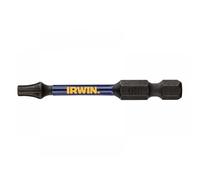 Irwin® IW6061603 Impact Pro Performance Screwdriver Bits Tx20 57Mm (Pack 2)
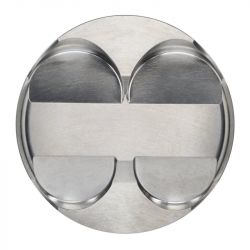 Wiseco K-Series 87.5mm 12.5:1 Professional Series Forged Single Piston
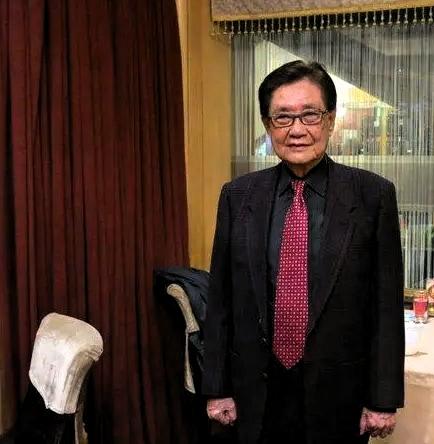  丧心病狂！为抱美国大腿，民进党连毒马铃薯、莱猪都敢放开进台湾
 
近段时间，台
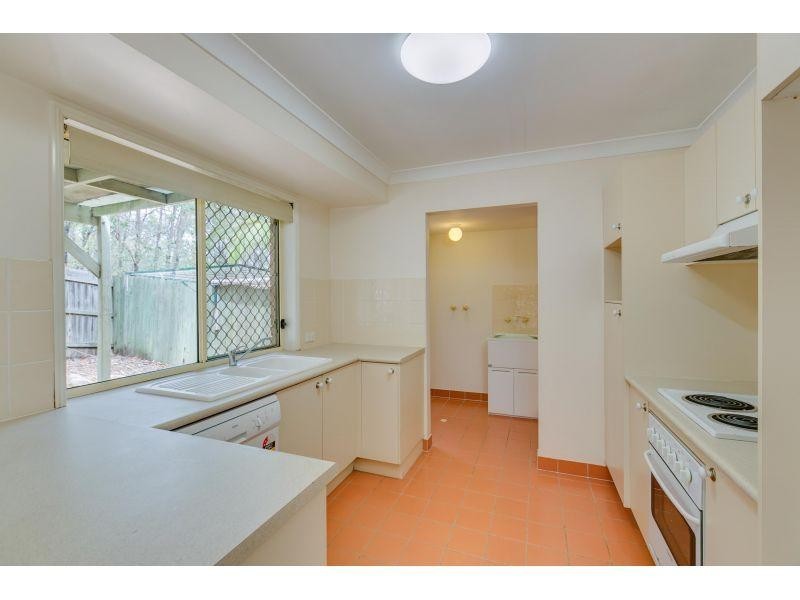 22/10 Schumann Close, Tingalpa QLD 4173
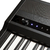 Kurzweil MPS-120 - Saini Music
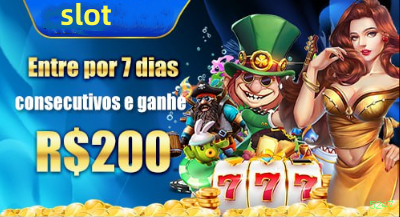 APK 5247 Download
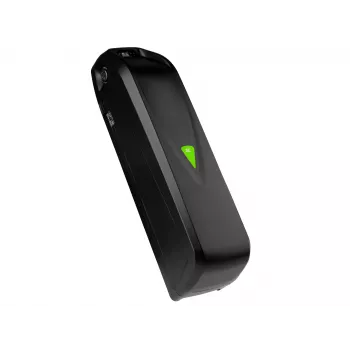 Batería Green Cell EBIKEGCF02 48V 13000mAh litio-ion
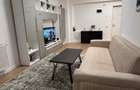 Apartament 2 camere de inchiriat | Central Address Residence | Sector 5 - 3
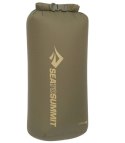 Worek wodoszczelny SEA TO SUMMIT Lightweight 13L Burnt Olive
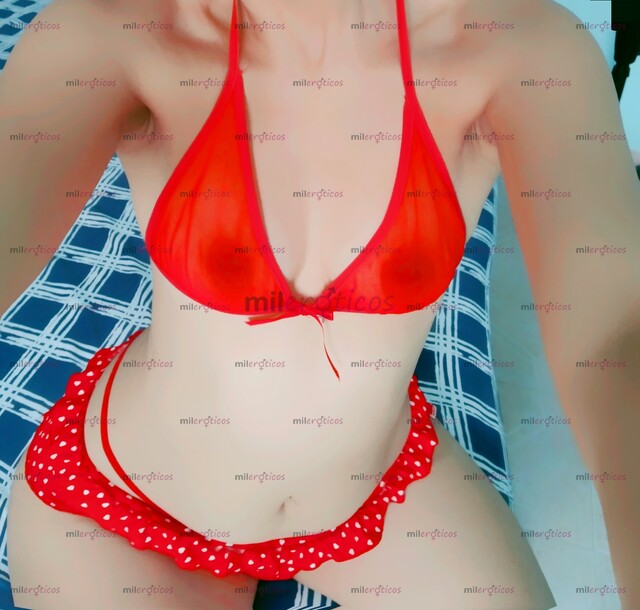 FOTOS DE CARA BONITA JOVENCITA DELGADITA Y JUGOSITA PARA TI EN EL ORIENTE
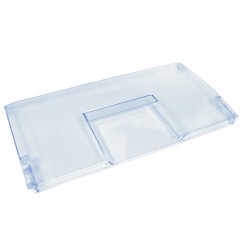 PORTINA EVAPORATORE ARCELIK - BEKO ORIGINALE 4332060300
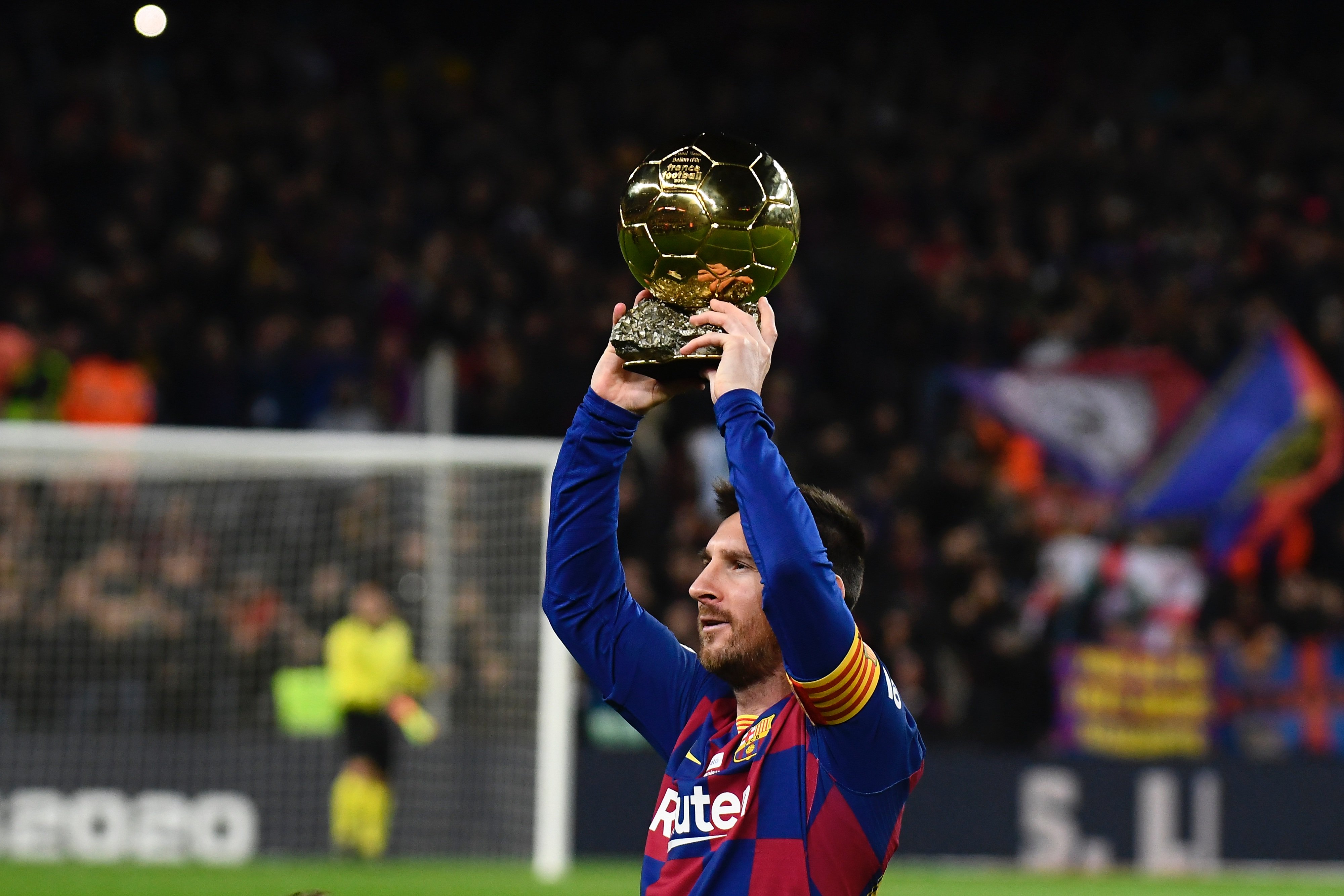 强劲对手的 强劲对手的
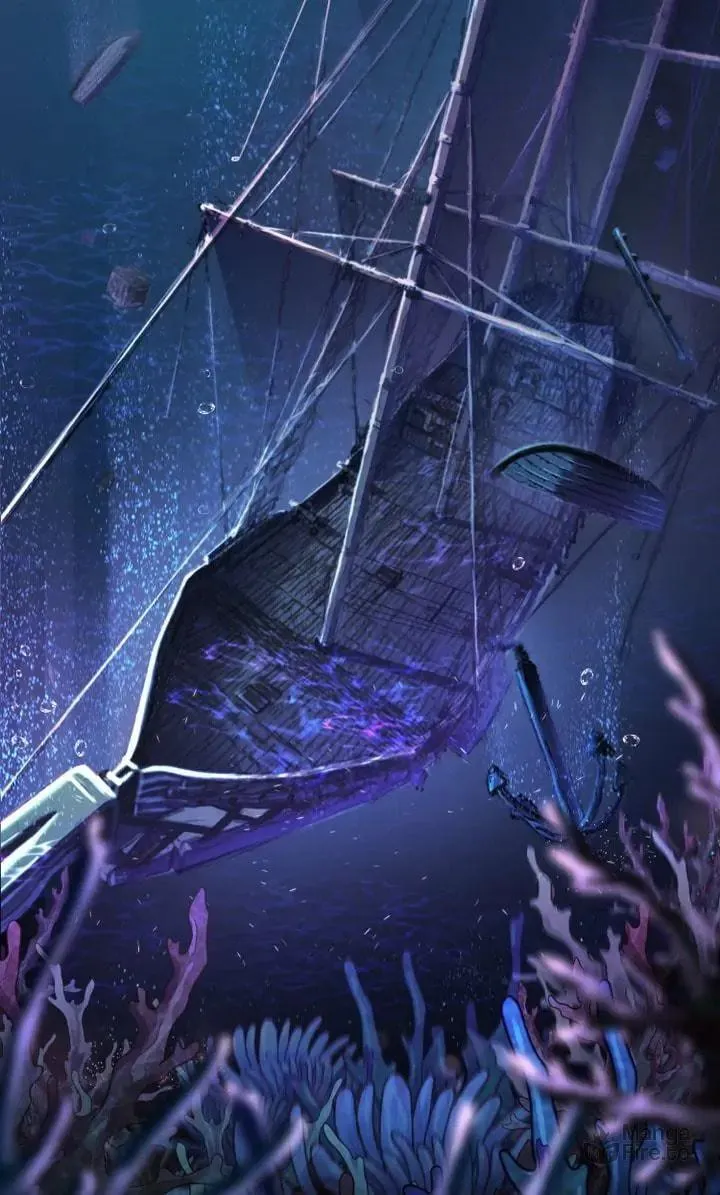 Isnelda Chapter 1 page 27 - 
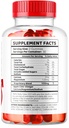 vital-surge-vital-surge-for-men-gummies--4.jpg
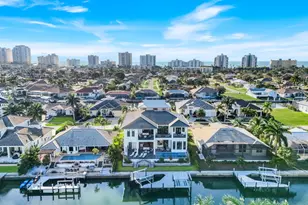 771 Orchid Ct, Marco Island, FL 34145 - Photo 43
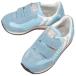  Patrick PATRICK спортивные туфли марафон bi two MARATHON-V2 пляжный мяч BEACHBL E25006 ребенок 14~18cm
***
* **TASK DESCRIPTION**: In the records above, find the line containing "vital-surge-vital-surge-for-men-gummies--4.jpg". Reproduce it and every line after it through the last line, omitting pictures.

* **SOLUTION TO THIS TASK**:
 vital-surge-vital-surge-for-men-gummies--4.jpg
 771 Orchid Ct, Marco Island, FL 34145 - Photo 43
  Patrick PATRICK спортивные туфли марафон bi two MARATHON-V2 пляжный мяч BEACHBL E25006 ребенок 14~18cm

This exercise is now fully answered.